Fourth Sunday of Easter
1 Peter 2:19-25: For it is to your credit if, being aware of God, you endure pain while suffering unjustly. If you endure when you are beaten for doing wrong, where is the credit in that? But if you endure when you do right and suffer for it, you have God’s approval. For to this you have been called, because Christ also suffered for you, leaving you an example, so that you should follow in his steps. ‘He committed no sin, and no deceit was found in his mouth.’ When he was abused, he did not return abuse; when he suffered, he did not threaten; but he entrusted himself to the one who judges justly. He himself bore our sins in his body on the cross, so that, free from sins, we might live for righteousness; by his wounds you have been healed. For you were going astray like sheep, but now you have returned to the shepherd and guardian of your souls.
Summary – Peter’s first epistle was written to those who were suffering persecutions. It may be that it was written earlier than many consider and therefore reflects the persecutions surrounding Acts 7 or 12 (e.g., believing Jews scattered after persecutions arose in Jerusalem). The more conventional view is that these persecutions were part of the Neronian persecution which began 64 A.D. In the process of giving expectations to those under duress, Peter naturally moves to the suffering that Jesus experienced and shows as a model Jesus suffering without retaliation. These verses are some of the richest statements about redemption in the pages of Scripture. “He himself bore our sins in his body on the cross, so that, free from sins, we might live for righteousness; by his wounds you have been healed.”
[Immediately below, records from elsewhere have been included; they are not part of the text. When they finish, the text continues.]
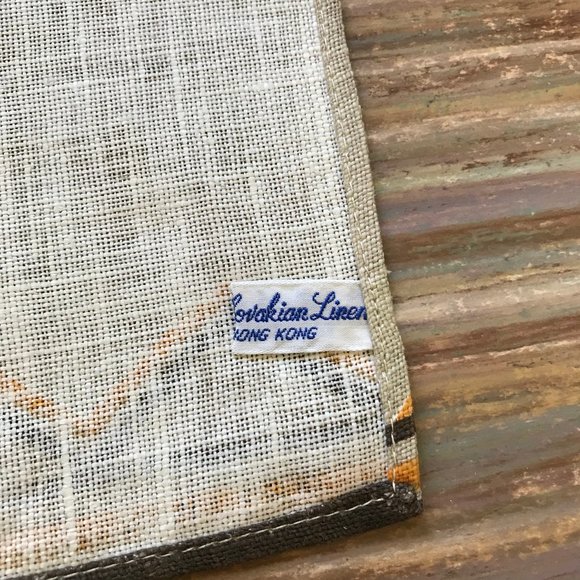 Aboriginal Artwork Linen Kitchen Towel by Starcraft Australia 18x31" - Picture 4 of 4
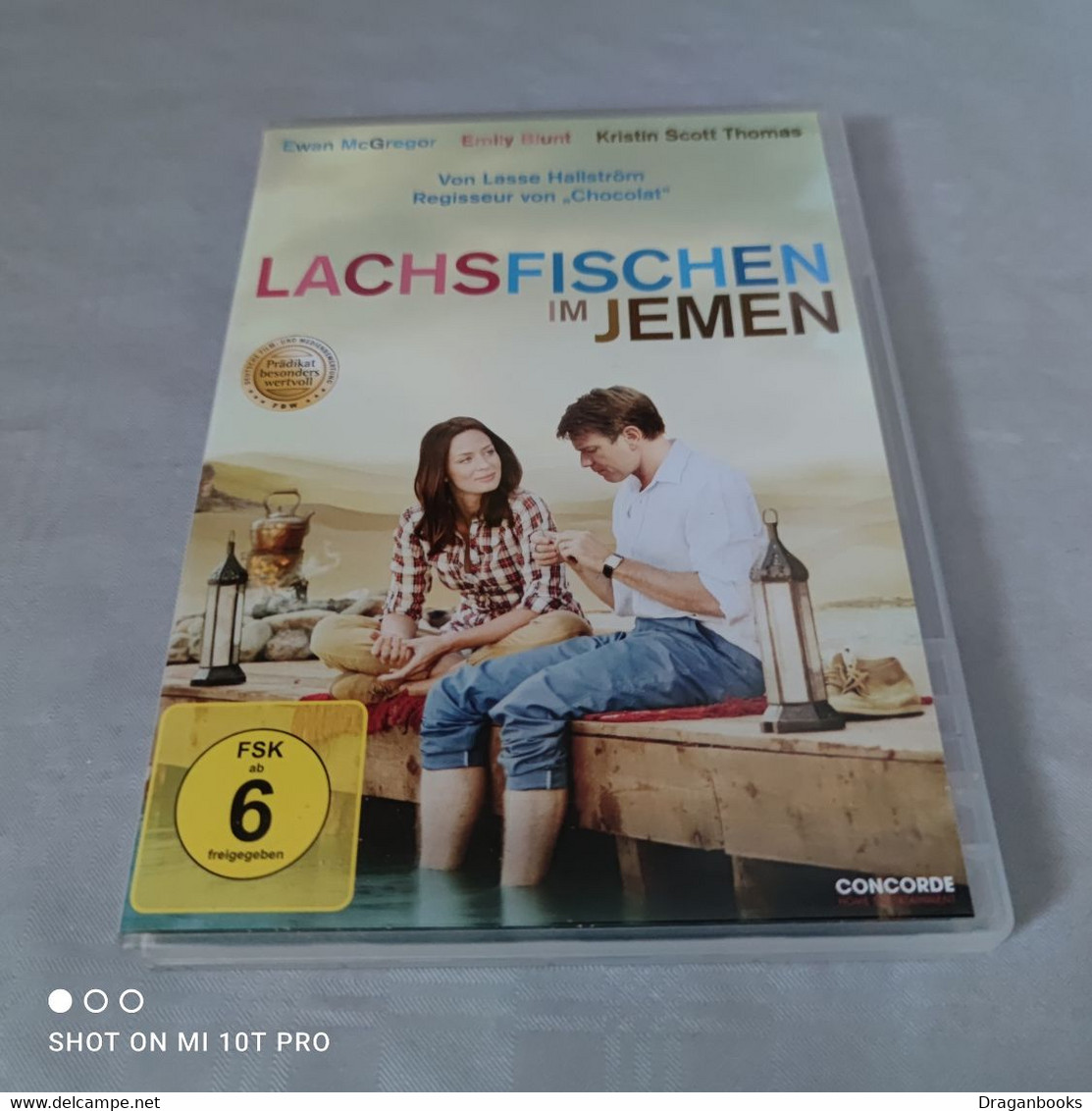 Lachsfischen Im Jemen - Infantiles & Familial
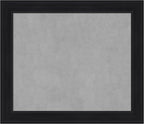 Amanti Art Black Framed Magnetic Board 25x29 Medium Vision Board by AmantiArt
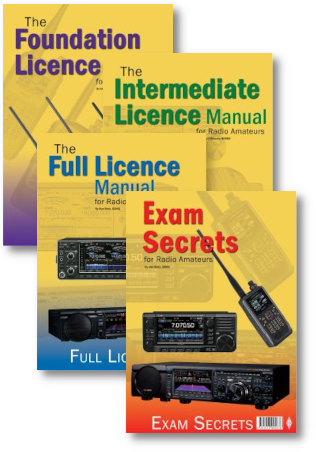 RSGB Study Guides OFCOM Licence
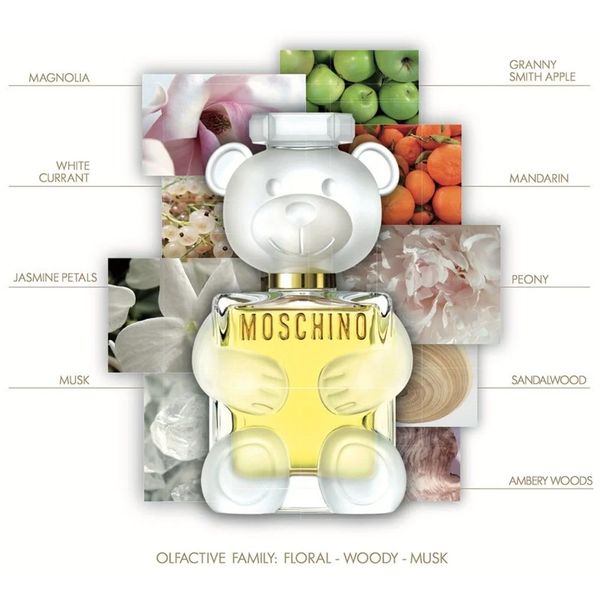 Nước Hoa Nữ Moschino Toy 2 EDP 50ml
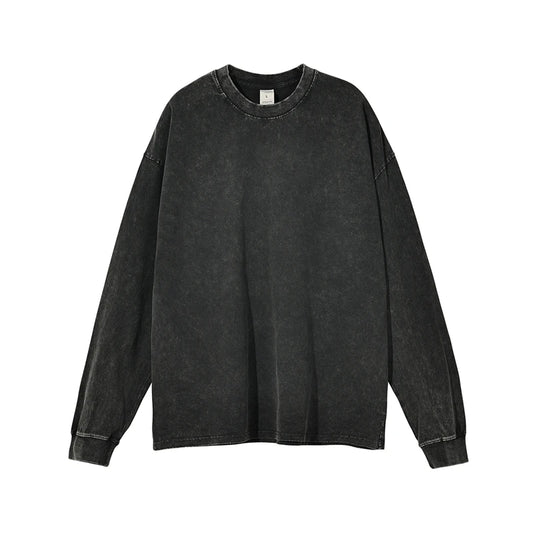 Long Sleeve Shirt D3 (Dark Grey) - Dacosi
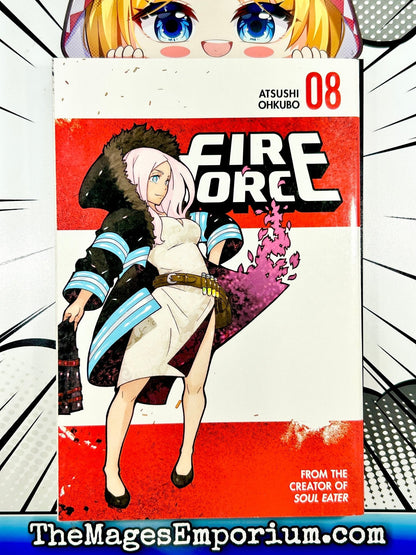 Fire Force Vol 8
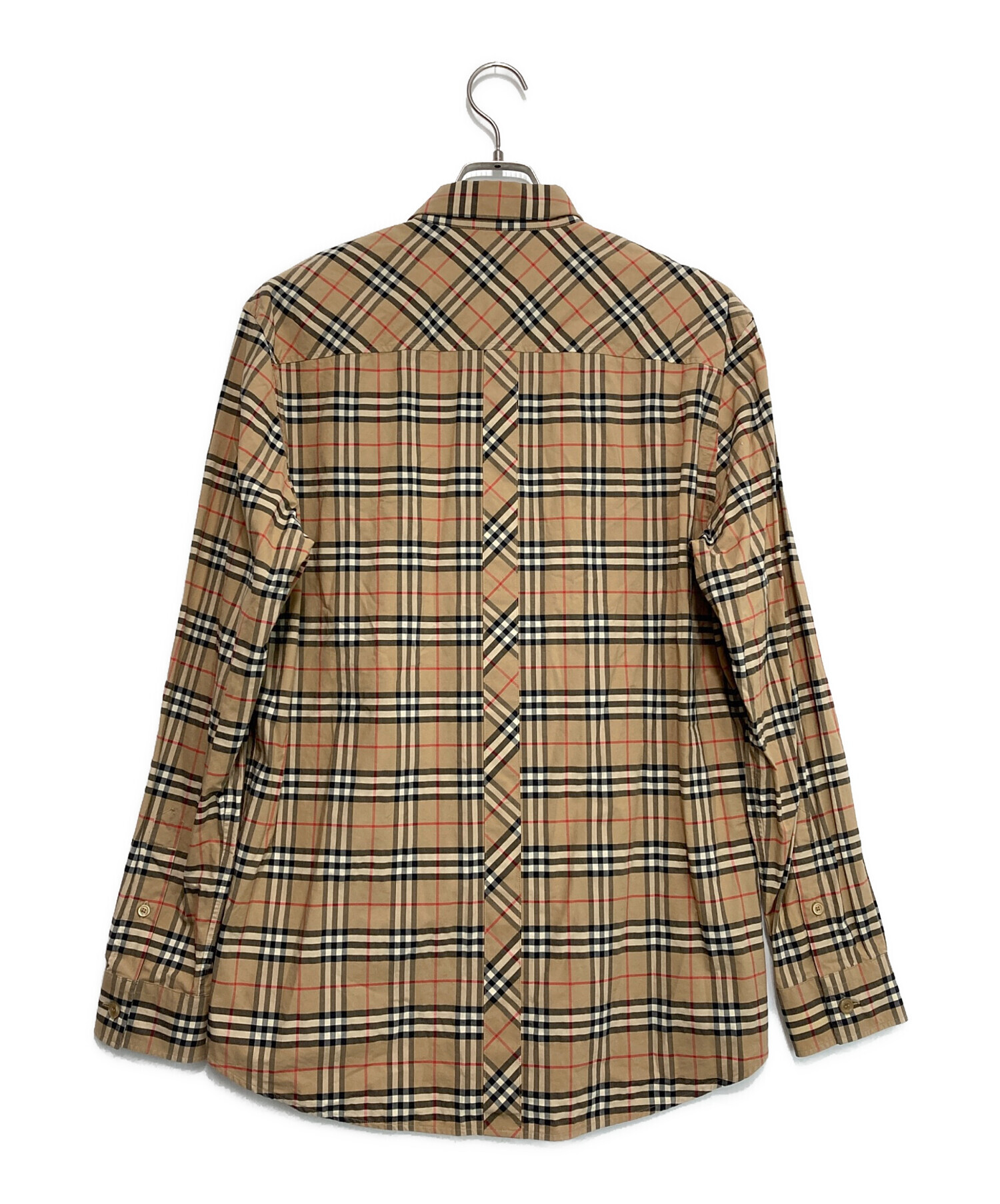 中古・古着通販】BURBERRY LONDON (バーバリーロンドン) TBロゴ ノバチェックシャツ ブラウン サイズ:M｜ブランド・古着通販  トレファク公式【TREFAC FASHION】スマホサイト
Insight – Whatever the original setting, the principles Peter teaches are readily applicable. We cannot reason that because we are in a desperate situation, we can be unkind, revile, retaliate, or anyway take our own vengeance. That is exactly what we are tempted to do when someone comes against us. Whether it is an unkind word, a taunt, bullying, criticism . . . any of these things tempt us to respond with a desire of repaying evil with evil. But Peter provides the redemptive model and motivation. Jesus modeled for us a person who could receive harm without giving it back. Jesus simply entrusted Himself to the Father. But Jesus’s once-for-all suffering provides us with the freedom and the spiritual resources to never pay back evil for evil. Christ model became salvation so that we can live for righteousness and we have healing in Him. We do not need to get deliverance for ourselves or right every wrong done to us. God was take care of it and he is a much better at justice than we are: God “judges justly.”
Child’s Catechism -What did Jesus do for us? “He himself bore our sins in his body on the cross, so that, free from sins, we might live for righteousness; by his wounds you have been healed.”
Discussion – Can you think of one person that has wronged you? How can you apply this call to not repay evil with evil in that situation?
Prayer – Almighty God, in this Eastertide, give us grace to endure all manner of light afflictions and troubling suffering(s) so that we may more fully appreciate the once-for-all work of the only Savior who brought healing to us through His stripes and Life indeed through His resurrection. May we walk in His steps so that we may ascend in His glory through His resurrection power. In His name above every name we pray. Amen.